# How do you get rid of limescale easily?



## Dr. Love (Mar 10, 2010)

Normally I just wipe the sides of the glass hard, but this isn't that effective. Also my viv is planted, what is the best way to clean the limescale off, such as something i can spray on n wipe off that isn't harmful to a crestie.


----------



## Pendragon (Dec 8, 2008)

White vinegar is good for getting rid of limescale, just put a small bit on some blue paper, or news paper and polish the glass with it. I wouldn't think it would harm your crestie, I'll check with the o/h later...: victory:

Jay


----------



## Lil_nightmare (Feb 26, 2011)

Or a hand held steam cleaner...no chemicals needed and great at cleaning everything else aswell


----------



## hippyhaplos (Jan 12, 2010)

Pendragon said:


> White vinegar is good for getting rid of limescale, just put a small bit on some blue paper, or news paper and polish the glass with it. I wouldn't think it would harm your crestie, I'll check with the o/h later...: victory:
> 
> Jay


This.

I use vinegar on my fish tanks to no ill effect.... just take a damp clean cloth and wipe it afterwards just to be safe.


----------



## Mujician (Mar 7, 2007)

Lemon juice. It has natural acid, and it'll smell nice! Safe in case your creator licks it too!!


----------



## sambridge15 (Nov 22, 2009)

i use lemon juice just slice a lemon in half and rub works best in my experience


----------



## Dr.

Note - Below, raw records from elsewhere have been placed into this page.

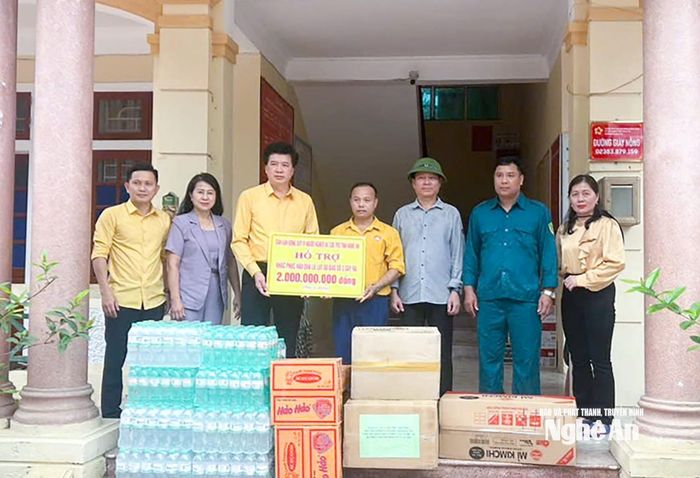 Lãnh đạo Ủy ban MTTQ Việt Nam tỉnh đưa hàng lên cứu trợ người dân xã Tam Quang. Ảnh: CSCC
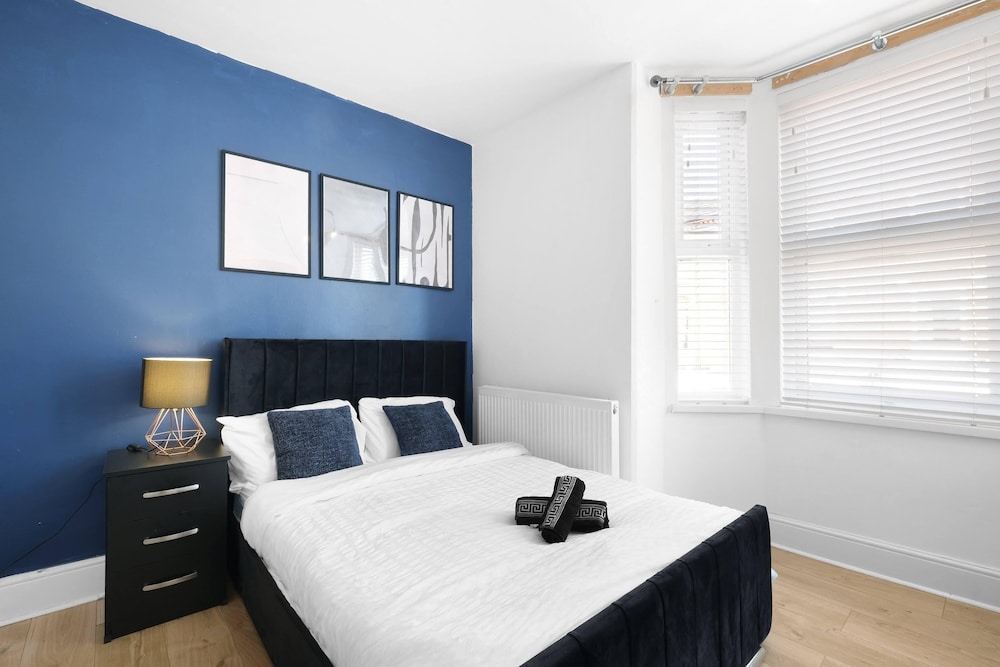 Radford 3 Bedroom and 1 Bathroom House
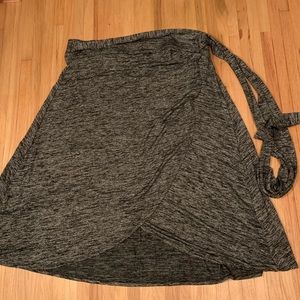 NWT Gap Softspun Knit Midi Wrap Skirt, Marled Black
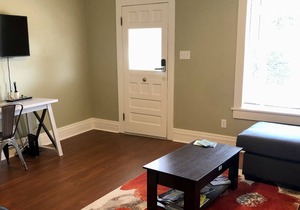 Cozy Commercial Street bungalow in downtown Trinidad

Love (Mar 10, 2010)

Oh cool, il try those then, cheap as well  cheers


----------



## snakemum (May 7, 2011)

Lil_nightmare said:


> Or a hand held steam cleaner...no chemicals needed and great at cleaning everything else aswell


yer I agree !!!


----------



## Morgan Freeman (Jan 14, 2009)

Yeah, lemon or vinegar, whatever's closest to hand. Both about the same in terms of effectiveness.


----------



## Dr. Love (Mar 10, 2010)

Is malt vinegar ok or does it have to be White?


----------



## Welsh dragon (Oct 27, 2009)

Or you could move to South Wales as we dont have limescale in our water lol


----------



## Dr. Love (Mar 10, 2010)

WEll I am moving to north Wales, is it the same up there?


----------